Later on, the influence tended to move the other way. The 1986 Goldwater-Nicols Act, which put the “joint” into the Pentagon, had as profound an effect on UK military organisation as the general staff system originally employed in Napoleon’s Grande Armée.
But whereas previously the ideas were studied and adapted to the UK’s constitutional set-up, today it seems anything invented in the US should be imported wholesale to the UK, regardless of whether it fits the political, legal and constitutional set-up or not.
So Richard Holbroke’s appointment as President Obama’s Special Representative for Afghanistan and Pakistan has now been matched by the choice of Sherard Cowper-Coles as the Foreign Secretary’s Envoy to Afghanistan and Pakistan. This adds to Jack McConnell’s role as Special Envoy for Conflict Resolution and what is rumoured to be Des Browne’s imminent appointment as the Prime Minster’s envoy to Sri Lanka.
But whereas the Obama administration’s appointment of enjoys and representatives is a product of serious thought not only about the specific policy problems, but about how best to mange the sprawling US national security bureaucracy, the same cannot be said of the UK government’s approach. Unlike in the US, the envoys are simply bolted on to existing governmental structures. Rather than solve inter-department problems, they tend to highlight these. And more often than not they serve to demonstrate governmental action, garner a bit of publicity, but little else.

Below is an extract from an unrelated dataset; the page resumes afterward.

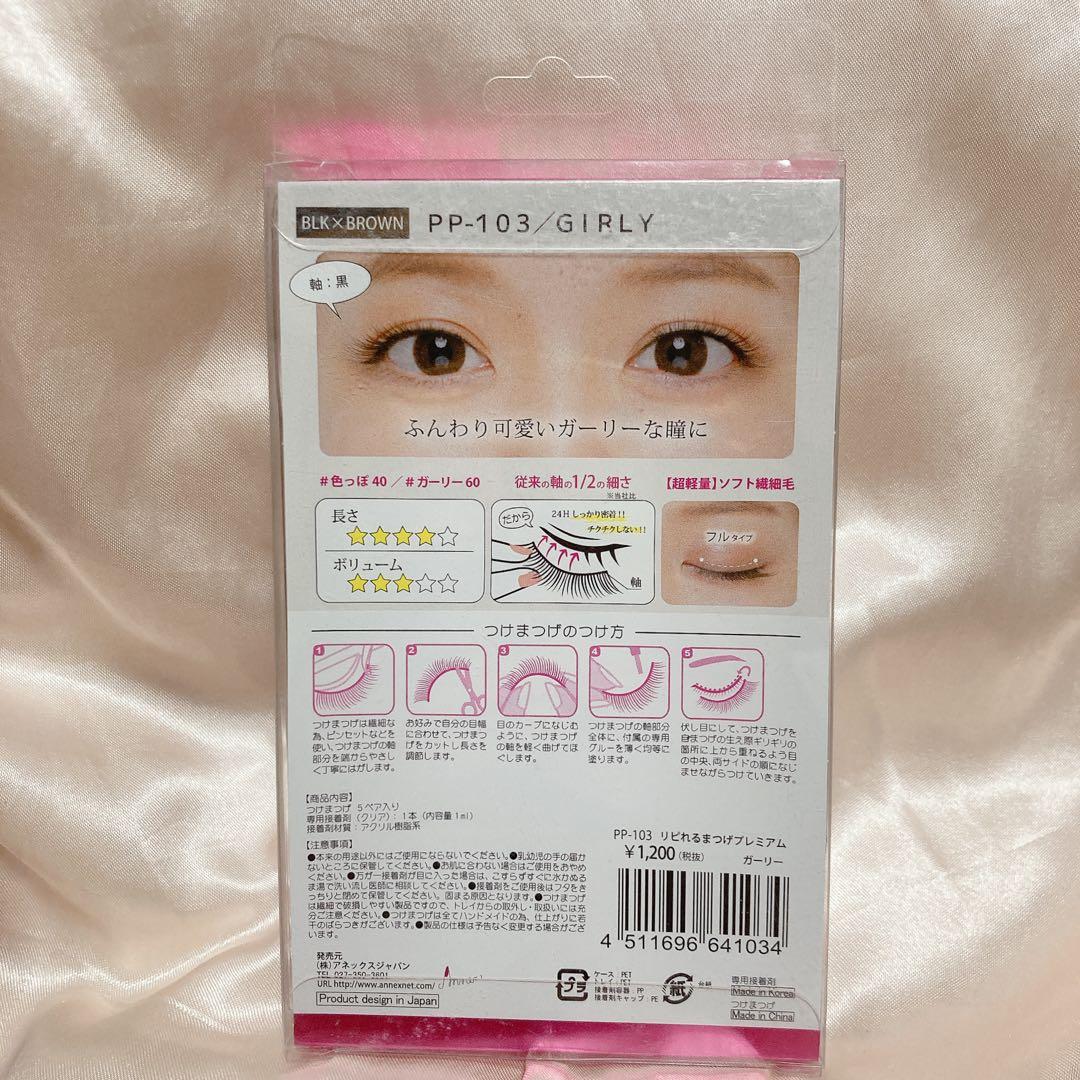 RiPiれるまつげ　リピれるまつげ プレミアム PP-103 girly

In Sir Sherard’s case, the former ambassador in Kabul is the Foreign Secretary’s man, but does not represent DfiD or the MoD. (That is before even addressing the question of whether a UK envoy as opposed to a British EU envoy makes any sense). Jack McConnell’s role, meanwhile, is a mystery to even senior FCO mandarins. And who now remembers Michael Williams’ role as Gordon Brown’s Middle East representative? Or Britain’s peace emissary to Sudan, Allan Goulti?

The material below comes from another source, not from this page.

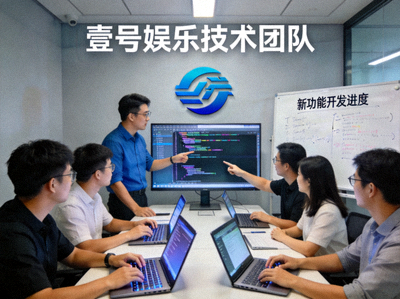 壹号娱乐技术团队正在协作开发新功能的办公场景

Though the Civil Service will make the most of these appointments, it is clear that greater thought needs to be given to how the UK manages cross-cutting issues, high-level diplomacy and the need to engage US counterparts like Richard Holbrooke or George Mitchell.
Personally, I favour the idea of having Prime Ministerial Regional Envoys or in the cases where Britain has a large-scale, multi-departmental commitment, like Afghanistan, Resident Ministers, such as Harold Macmillan’s role in Austria, Duff Coooper’s in Singapore and Oliver Lyttelton’s in Cairo during World War II. These individuals would have the clout to manage all departmental interests, have a direct link to Parliament (and so could keep the arguments for interventions alive) and ensure the necessary delegation of authority.
But the whole system probably needs a good look. Now there’s a subject IPPR’s National Security Commission could deal with.